Big Something | Interview

Expanded Interview with Jesse Hensley


Recently we released an interview with Jesse Hensley of Big Something. Jesse had some time to kick-back briefly after a long string of tour dates and we decided to add some additional questions to the interview. Jesse also expounded upon some of his previous responses. Jesse and I will continue to work creatively in the future to bring you up to date on the Big Something as they continue to develop their sound & tour extensively.

Big Something is easily one of the top rising talents on the jam scene in the country and I don’t speak such words lightly. They could be the next big jamband, the ones to help carry the torch. This is jam music at its finest. The group moves your soul to uncharted sonic spaces that astronomers could only dream of discovering. Their newest release is their finest case of showmanship to date. Big Something is on pace to join the greats on the scene, charting territories only the best jam acts have embarked upon. Their most recent album to date is nothing short of exceptional. It takes you on a journey through a storm of synths, and menacing hard-rock riffs. The stadium-rock meets classic-rock drumming and sax lines will leave listeners gasping for air as they ascend to the soaring heights of magic that is their self-titled sophomore album.

Founder of, Andrew McConnell, spoke with Jesse Hensley, Big Something’s lead guitarist, to discuss their most recent album, live performances, his musical influences, and more.

McConnell– You handled the studio aspect of producing this new album very well. You all didn’t compromise Big Something’s knack for instrumentation. How did you manage to make a good studio album, but not take away from showcasing the signature live sound of the Big Something?

Hensley– Well, we had been playing these songs well before we recorded them so we had a pretty good idea of the structures and what we didn’t want to compromise. Going in with John Custer our producer, is another huge aspect of the magic that happens in the studio environment. He is a brilliant dude as far as sonic engineering and knowing which sounds go where. He knows how to tickle your ear the right way. We were able to take this group of songs that we had been playing for probably two years or better, show him what we had and ask what artistic/production work he saw fitting for those songs.

We go into the studio, play the parts and we don’t think about it really hard, or at least I personally try not to. In the past recording sessions we have tracked things out separately. So usually when I am there doing my guitar parts, it’s just Nicky, John and I. There are no other underlying distractions to worry about. There isn’t anyone waiting for you to finish laying down your part so they can record, you can really focus on what you want to do. Personally, I went in for this last album and didn’t really think about it as hard, and the tracks turned out really great.

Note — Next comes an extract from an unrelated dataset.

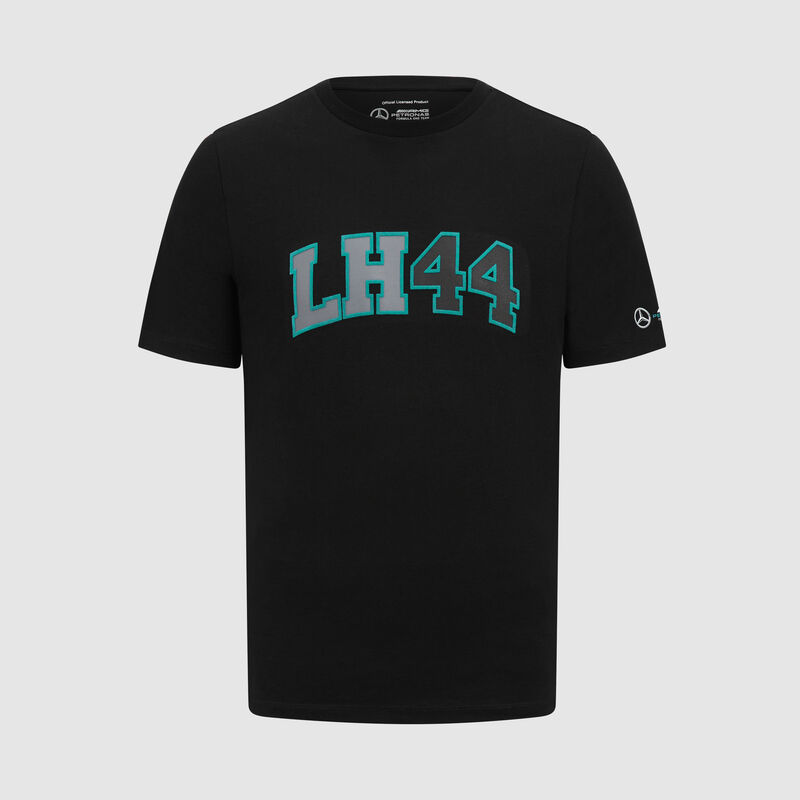 MAPF1 FW MENS LH LOGO TEE - black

I learned a lot in terms of what my guitar should sound like in the mix, not only in the studio, but live as well. I think we all have kind of been learning this individually or just constantly making efforts to be aware of sound and sonic space so to speak. John has a unique way of manipulating things in the mix. For example, you are playing the part you wrote, but Johnny knew what it was supposed to sound like in the mix to make the listener really appreciate the part that you are playing. He has a gift for making the sound more approachable to the listener.

A lot translates after we hear the recordings a few times as well. There are things that we didn’t even realize we were doing that stand out now. Those things tend to carry over into the live settings after we hear the final mixes for a while. We start to focus on those things more and it becomes something brand new all over again. A great example of this would be the closing track from the latest album entitled “Bright Lights.” I went in to do vocals one afternoon and had not recorded the last solo section on guitar yet. John randomly pick up a Brian May model from Burns of London (View Photo Here) and started flipping around the pickup switches. After he finished calibrating the thing, he handed it to me and told me to take a round at that solo with that guitar. In my head I was going, “hmm this is gonna be weird,” Plus I have never physically put my tree climbers on one of these guitars in my life so I didn’t know what to expect. We got the track down and I left the studio thinking, “welp we’ll change that next time I’m here,” welp, we didn’t. And now after hearing it like that I couldn’t imagine it being any different. John heard something in his head and we went with it. To me, that’s just amazing. So, I think it is a mixture between having the song ready to go and also having someone who can take the song and do something magical and mysterious with it. Overall, it has been a mutually beneficial experience. We all have certainly learned a lot from one another and have definitely learned a lot from John.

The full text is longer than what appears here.